Corbynites have been fighting supposed Washington elites for decades
This reliance on conspiracy theories to explain the Pandemic is not a one-off, as the Carlson-Corbyn access has a shared world view based on conspiracy theories. For the Carlson-ites, that is the existence of the Washington elites who stole the presidential election from Donald Trump. The Corbynites have been fighting these supposed Washington elites for decades longer, believing that the US is the cause of almost all the pain in the world. They go to the extreme of backing almost any regime, no matter how oppressive, as long as it is seen as fighting against Washington.
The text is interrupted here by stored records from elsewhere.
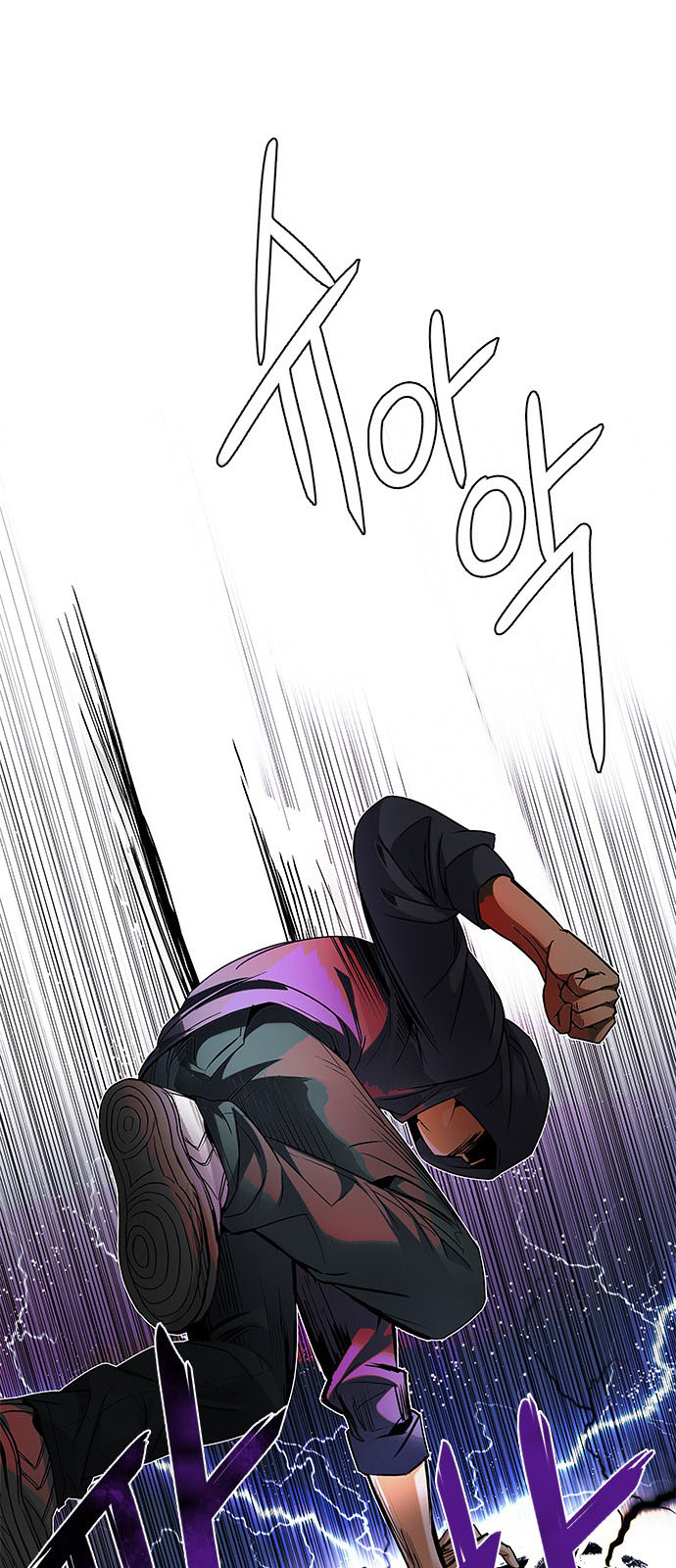 DICE: The Cube that Changes Everything: Chapter 200 - Page 30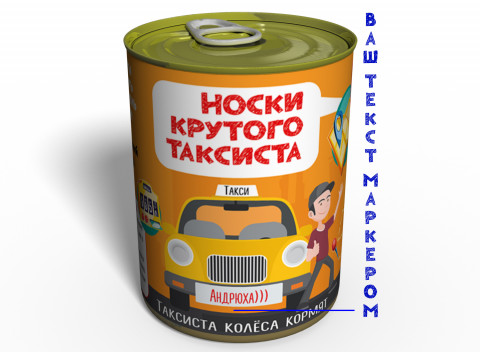Консервированные Носки Крутого Таксиста - Подарок На День Таксиста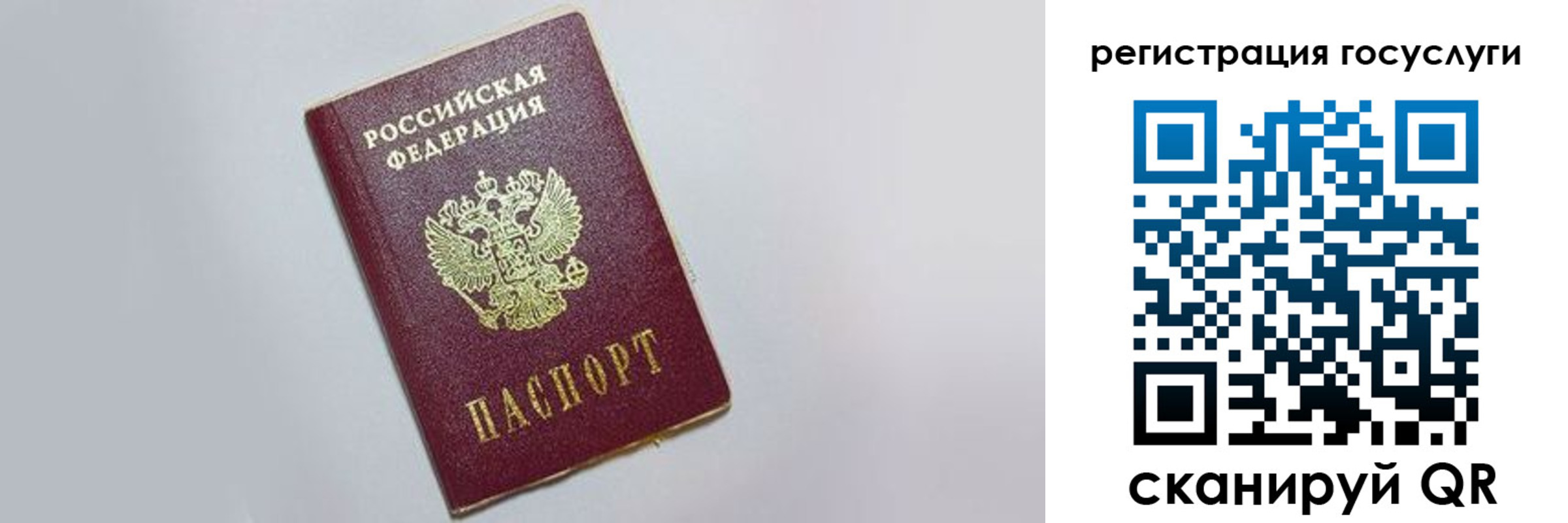 временная регистрация для школы в Бутурлиновке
This embrace of a conspiratorial view of the world explains the great success of Carlson-Corbynism. It is based on a constituency that is either evangelically religious (such as many Republican Christians in the US today) or ideologically religious, such as the Marxists that make up much of the more extreme Corbynbites. These groups know that they are right, that their world view is the result of some higher power. As such they are willing to fight to the end to bring their vision into being.
This illuminates the basic conundrum of the real culture war. If the Carlson-Corbyn axis represents one end, there is no way to sum up the other. It has many different elements, from believers in science, soft and historical liberals, open-minded leftists, some Burkeian conservatives and even non-evangelical religious believers. Perhaps the only element holding this end of the real culture war together is that its followers are people who express doubt, and as they express doubt they don’t embrace causes with the commitment and ends-based justifications that typify its opponents. The Doubters have the numbers if they work together, but they more than often lack the cohesion to do so.
So the real culture war is finely poised today, and it’s not clear who will win: the much better motivated and organized Carlson-Corbynites who have their conspiracies driving them on and who would, if needs be, happily replace democracy with authoritarianism to get their way, or the numerically larger but not united and self-restrained Doubters. There are some hopeful signs that the Carlson-Corbynites are losing ground in continental Europe, but they seem very strongly entrenched in the US and might seize Congress in a year and the presidency in three. What is clear, therefore, is that it really does matter who wins this culture war — unlike the “woke” sham war you hear all about all the time.